* **Task data**:
#####

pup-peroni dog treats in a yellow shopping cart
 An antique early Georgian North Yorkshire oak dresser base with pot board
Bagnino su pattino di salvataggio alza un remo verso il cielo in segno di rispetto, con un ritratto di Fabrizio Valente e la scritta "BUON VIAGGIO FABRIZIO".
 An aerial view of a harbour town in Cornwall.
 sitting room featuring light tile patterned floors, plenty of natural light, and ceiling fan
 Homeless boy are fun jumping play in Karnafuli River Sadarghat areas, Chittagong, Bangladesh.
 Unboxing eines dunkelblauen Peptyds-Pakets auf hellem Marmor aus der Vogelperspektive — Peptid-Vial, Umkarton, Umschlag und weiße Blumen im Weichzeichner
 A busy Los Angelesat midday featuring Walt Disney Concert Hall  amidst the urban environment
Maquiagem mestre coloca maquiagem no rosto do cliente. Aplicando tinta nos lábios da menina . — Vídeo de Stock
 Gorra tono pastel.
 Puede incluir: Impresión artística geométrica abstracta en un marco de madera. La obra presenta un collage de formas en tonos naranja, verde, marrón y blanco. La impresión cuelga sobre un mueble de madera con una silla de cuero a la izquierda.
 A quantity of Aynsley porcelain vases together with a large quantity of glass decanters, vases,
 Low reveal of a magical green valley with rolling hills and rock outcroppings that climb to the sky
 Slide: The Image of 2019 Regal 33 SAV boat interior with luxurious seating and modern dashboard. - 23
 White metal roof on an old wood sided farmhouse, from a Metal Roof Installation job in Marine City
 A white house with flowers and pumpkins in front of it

#####

Nothing but the lines from the one containing "Slide: The Image" through the last line of the material should be returned, each exactly as written, both ends included.

 Slide: The Image of 2019 Regal 33 SAV boat interior with luxurious seating and modern dashboard. - 23
 White metal roof on an old wood sided farmhouse, from a Metal Roof Installation job in Marine City
 A white house with flowers and pumpkins in front of it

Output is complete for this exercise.